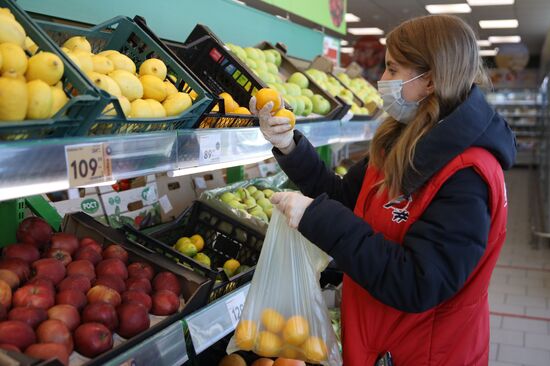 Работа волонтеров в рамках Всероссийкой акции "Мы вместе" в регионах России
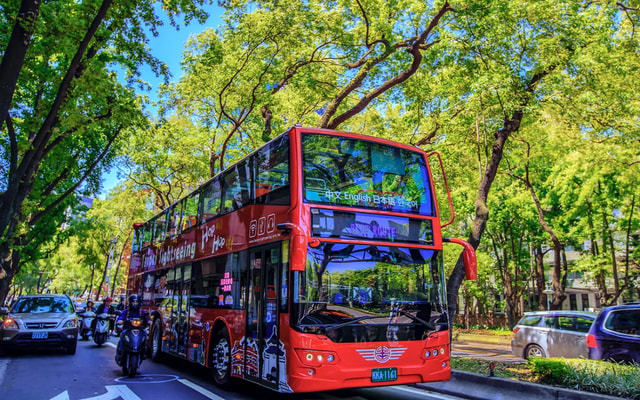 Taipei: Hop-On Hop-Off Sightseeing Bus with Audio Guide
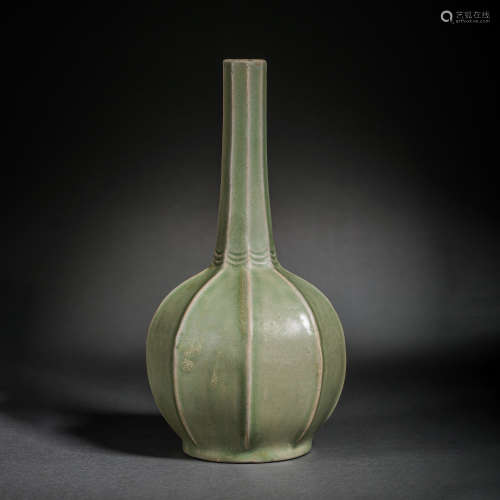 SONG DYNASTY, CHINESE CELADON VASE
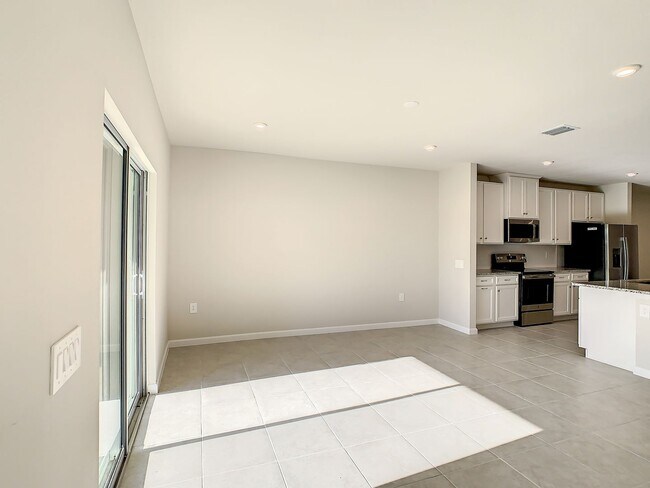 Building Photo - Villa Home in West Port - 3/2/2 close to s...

### Try it
Repeat the material above exactly; any picture in it is left out.

### Problem solution
 Работа волонтеров в рамках Всероссийкой акции "Мы вместе" в регионах России
 Taipei: Hop-On Hop-Off Sightseeing Bus with Audio Guide
 SONG DYNASTY, CHINESE CELADON VASE
 Building Photo - Villa Home in West Port - 3/2/2 close to s...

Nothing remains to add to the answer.